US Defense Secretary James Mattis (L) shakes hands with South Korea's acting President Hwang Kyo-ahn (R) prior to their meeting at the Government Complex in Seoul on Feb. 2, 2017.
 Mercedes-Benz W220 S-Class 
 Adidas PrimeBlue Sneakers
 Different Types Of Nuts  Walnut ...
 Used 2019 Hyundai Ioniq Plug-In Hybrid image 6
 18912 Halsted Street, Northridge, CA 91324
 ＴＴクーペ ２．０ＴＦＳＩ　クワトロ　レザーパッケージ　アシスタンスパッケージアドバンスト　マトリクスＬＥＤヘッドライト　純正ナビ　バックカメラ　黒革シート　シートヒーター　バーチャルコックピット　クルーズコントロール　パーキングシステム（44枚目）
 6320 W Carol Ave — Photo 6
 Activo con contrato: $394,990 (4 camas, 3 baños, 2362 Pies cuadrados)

------------------------------

Problem requirements
Using the data above, return each line exactly as written.

Task answer
US Defense Secretary James Mattis (L) shakes hands with South Korea's acting President Hwang Kyo-ahn (R) prior to their meeting at the Government Complex in Seoul on Feb. 2, 2017.
 Mercedes-Benz W220 S-Class 
 Adidas PrimeBlue Sneakers
 Different Types Of Nuts  Walnut ...
 Used 2019 Hyundai Ioniq Plug-In Hybrid image 6
 18912 Halsted Street, Northridge, CA 91324
 ＴＴクーペ ２．０ＴＦＳＩ　クワトロ　レザーパッケージ　アシスタンスパッケージアドバンスト　マトリクスＬＥＤヘッドライト　純正ナビ　バックカメラ　黒革シート　シートヒーター　バーチャルコックピット　クルーズコントロール　パーキングシステム（44枚目）
 6320 W Carol Ave — Photo 6
 Activo con contrato: $394,990 (4 camas, 3 baños, 2362 Pies cuadrados)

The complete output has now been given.